In this example we'll see how we can load some structured data and process it into a flat table form better suited to machine learning.

In [None]:
# Let's get some data; top stories from lobste.rs; populate a DataFrame with the JSON
stories = pd.read_json('https://lobste.rs/hottest.json')
stories.head()

In [None]:
# Use the "short_id' field as the index
stories = stories.set_index('short_id')

# Show the first few rows
stories.head()

In [None]:
# Take a look at the submitter_user field; it is a dictionary itself.
stories.submitter_user[0]

In [None]:
# We want to expand these fields into our dataframe.
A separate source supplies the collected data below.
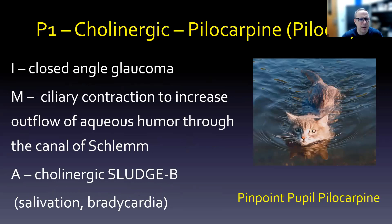The two P's: the first P is the cholinergic pilocarpine, indicated for closed angle glaucoma. It works by ciliary contraction to increase the outflow of aqueous humor, essentially squeezing it out through the canal of Schlemm. The adverse effects follow our sludge mnemonic — salivation, bradycardia — but the key one here is pinpoint pupils. 'Pinpoint pupil pilocarpine' — that's an easy way to remember this drug narrows the pupil via ciliary contraction.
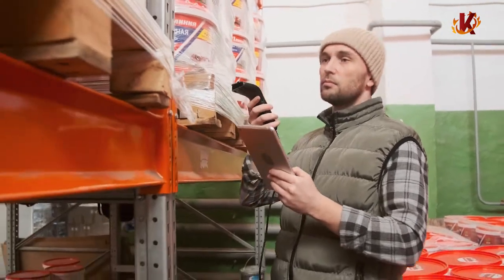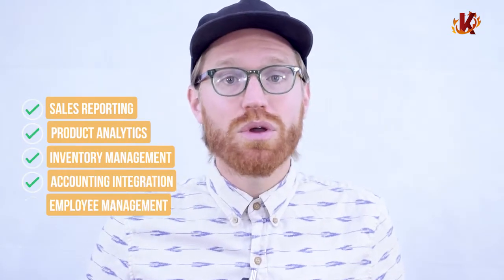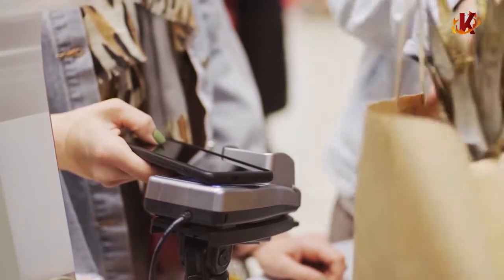So hopefully this explains what makes Corona such a great POS solution for so many businesses. Our cloud solution comes with a remarkable array of standard features, including in-depth sales reporting, product analytics, inventory management, accounting integrations, employee reports, e-commerce platforms, modern payment hardware, tip and commission management, multi-location, scalability, and a whole lot more.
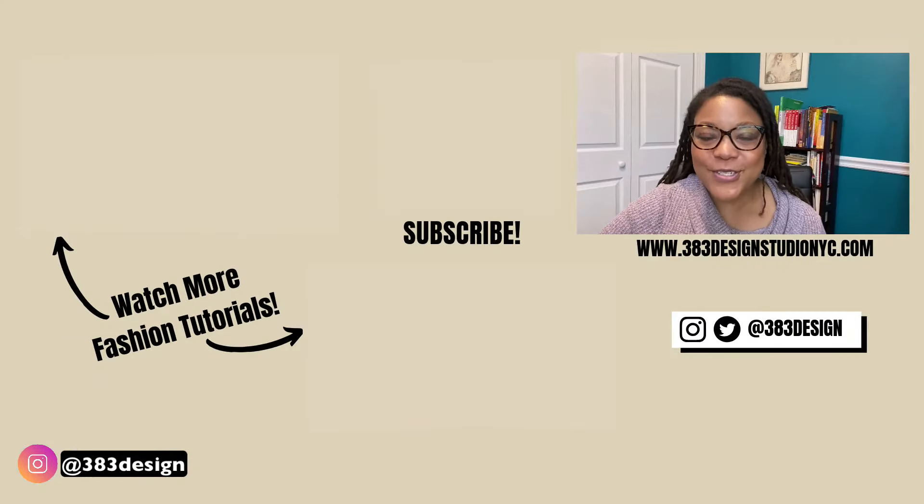Thanks for watching today's tutorial. If you are new to Illustrator for fashion, make sure you check out the links in the description to learn more about my classes and some great freebies. Also, if you're interested in the competition, look for that link in the description. Don't forget to like, comment, subscribe, and share this if you found it helpful. Have a great week and I'll see you next time.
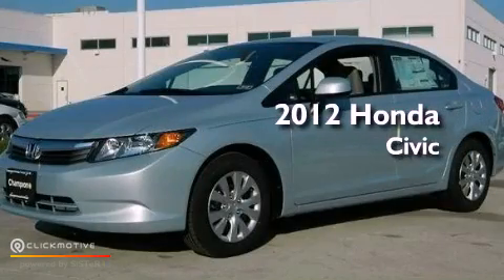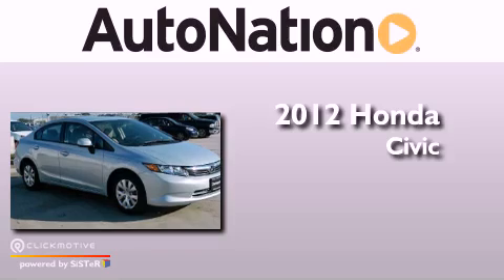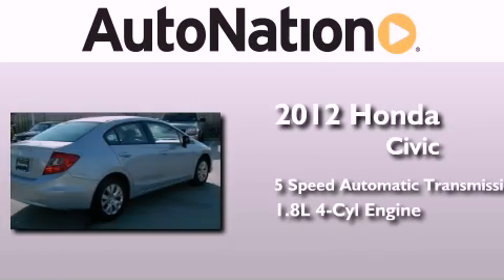This is a brand new 2012 Honda Civic. This car has a five-speed automatic transmission and an inline four-cylinder engine.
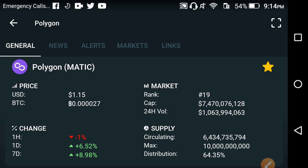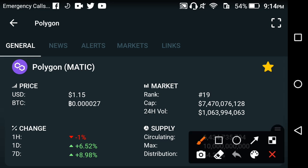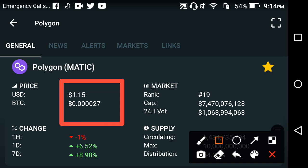The currently live price of Polygon MATIC in the market is $1.15 USD. Looking at the changes, the last one day and last one week changes for Polygon are negative.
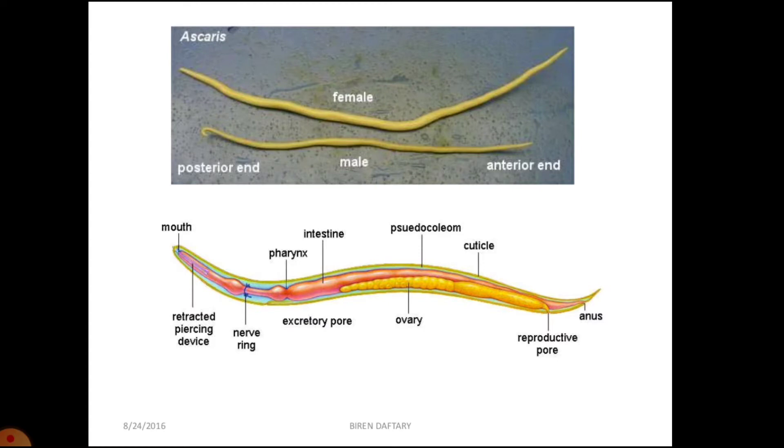Examples are Ascaris (roundworm), Wuchereria (filarial worm), and Ancylostoma (hookworm). In Ascaris, the female is longer than the male. The male at the posterior end has a curved structure; the hind end is curved ventrally and they have penial spicules which help in copulation. Pseudocoelom is the unique feature of Aschelminthes.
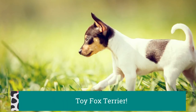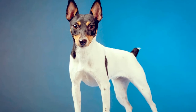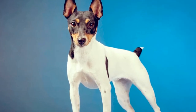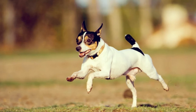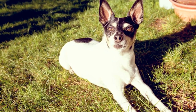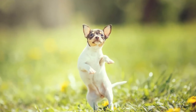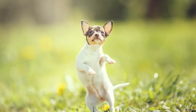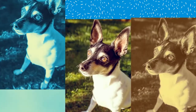Toy Fox Terriers have been used for a variety of tasks, serving as ratters on farms and as hunters for small game such as squirrel, and their intelligence helps them to do well in obedience and agility competitions. Their most important purpose, however, is to be a loyal, loving, and devoted companion that amuses and entertains his family. He's a superb watchdog and will alert you to the approach of guests and strangers.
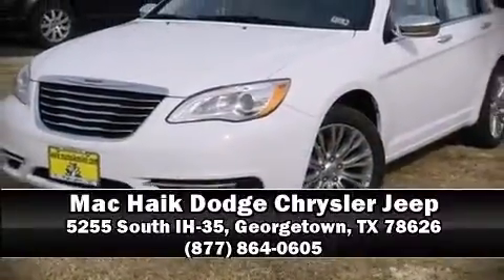Come down today and see this vehicle for yourself. Call now to schedule a test drive.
First expand into its own dataframe.
user_df = stories.submitter_user.apply(pd.Series)
user_df.head()

In [None]:
# We should make sure there are no collisions in column names.
set(user_df.columns).intersection(stories.columns)

In [None]:
# We can rename the column to avoid the clash
user_df = user_df.rename(columns={'created_at': 'user_created_at'})

In [None]:
# Now combine them, dropping the original compound column that we are expanding.
stories = pd.concat([stories.drop(['submitter_user'], axis=1), user_df], axis=1)
stories.head()

In [None]:
# The tags field is another compound field.
stories.tags.head()

In [None]:
# Make a new dataframe with the tag lists expanded into columns of Series.
tag_df = stories.tags.apply(pd.Series)
tag_df.head()

In [None]:
# Pivot the DataFrame
tag_df = tag_df.stack()
tag_df

In [None]:
# Expand into a 1-hot encoding
tag_df = pd.get_dummies(tag_df)
tag_df

In [None]:
# Merge multiple rows
tag_df = tag_df.sum(level=0)
tag_df

In [None]:
# And add back to the original dataframe
stories = pd.concat([stories.drop('tags', axis=1), tag_df], axis=1)
stories.head()

## Exercise: Baby Names

The data comes from US census and is the count of names of children born in years from 1880 to 2014.

In [None]:
df = pd.read_csv('NationalNames.csv.zip', compression='zip')  # Pandas can unzip the data for you
df.head()

In [None]:
# Exercise: show the baby names from 1918

In [None]:
# Exercise: get the counts per year for the name 'John'

In [None]:
# Exercise: do the same but restrict to boys now!

In [None]:
# Exercise: plot popularity of John as a boy's name per year
# (hint: look at help for Seaborn barplots)

In [None]:
# Exercise - use ipywidgets.interact to create a drop-down
# with several names and chart the selected name's popularity.